The author only barely touches on the issue of complexity that results from feature creep, which is the most fundamental difference between hardware and software. Hardware feature sets by their very nature have to be completed many months before tapeout occurs (sometimes years for extremely complex hardware like CPUs). Software often has to adapt to customer requirements by adding new features over the course of weeks. Software ends up becoming orders of magnitude larger and more complex than hardware as a result. Given budget constraints, testing is naturally going to be less thorough as a result.

MasterIdiot · on July 10, 2021

I remember a talk where someone who did both software and hardware development for Intel talked about "Hardware development cycle fro software developers" or something like that at some conference, and the cost of simulating CPUs or fabricating them for a round of testing was absolutly mindblowing. Also - the fact the a 1 in a billion bug will happen multiple times a second on a modern CPU.

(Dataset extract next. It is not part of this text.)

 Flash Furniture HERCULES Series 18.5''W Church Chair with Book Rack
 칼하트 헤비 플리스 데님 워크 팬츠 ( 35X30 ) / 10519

P.S Did anyone else happen to run into this talk? I tried to find on youtube and could'nt find anything related.

colin_mccabe · on July 12, 2021

Given what we know about the latest flaws in CPUs, such as Spectre and Meltdown, maybe we need to rethink hardware testing using perspectives from the world of software instead.

Jtsummers · on July 10, 2021

Several postings previously, but no discussion on any of them.